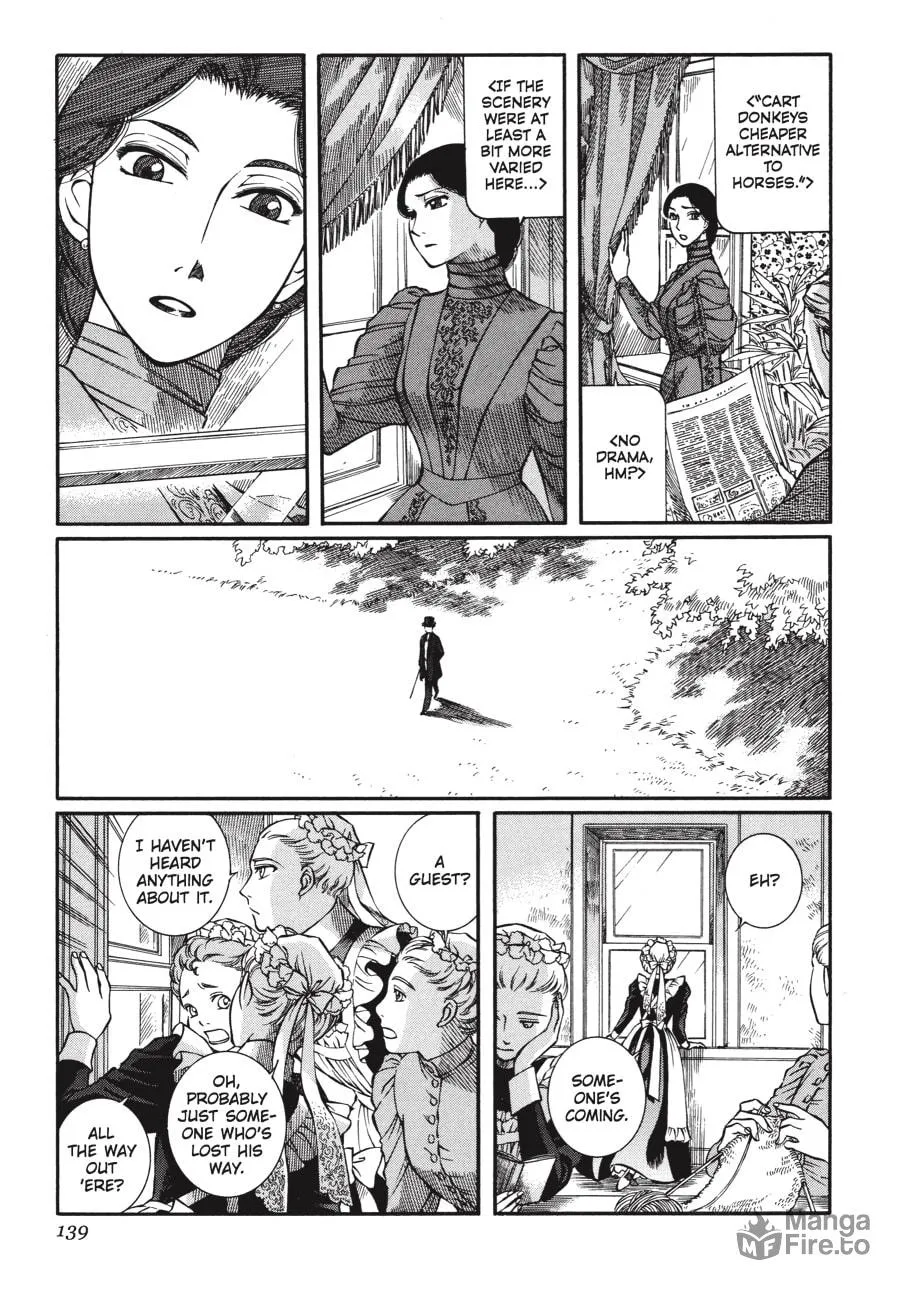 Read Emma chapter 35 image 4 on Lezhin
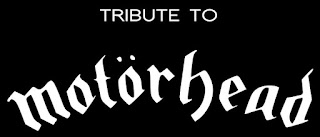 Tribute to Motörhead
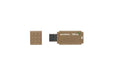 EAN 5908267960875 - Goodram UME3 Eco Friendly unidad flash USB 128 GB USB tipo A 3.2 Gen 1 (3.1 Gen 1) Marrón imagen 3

================================

Problem requirements: Quote everything in the listing above exactly; pictures are the only thing to omit.

Solution to the exercise:
 Read Emma chapter 35 image 4 on Lezhin
 Tribute to Motörhead
 EAN 5908267960875 - Goodram UME3 Eco Friendly unidad flash USB 128 GB USB tipo A 3.2 Gen 1 (3.1 Gen 1) Marrón imagen 3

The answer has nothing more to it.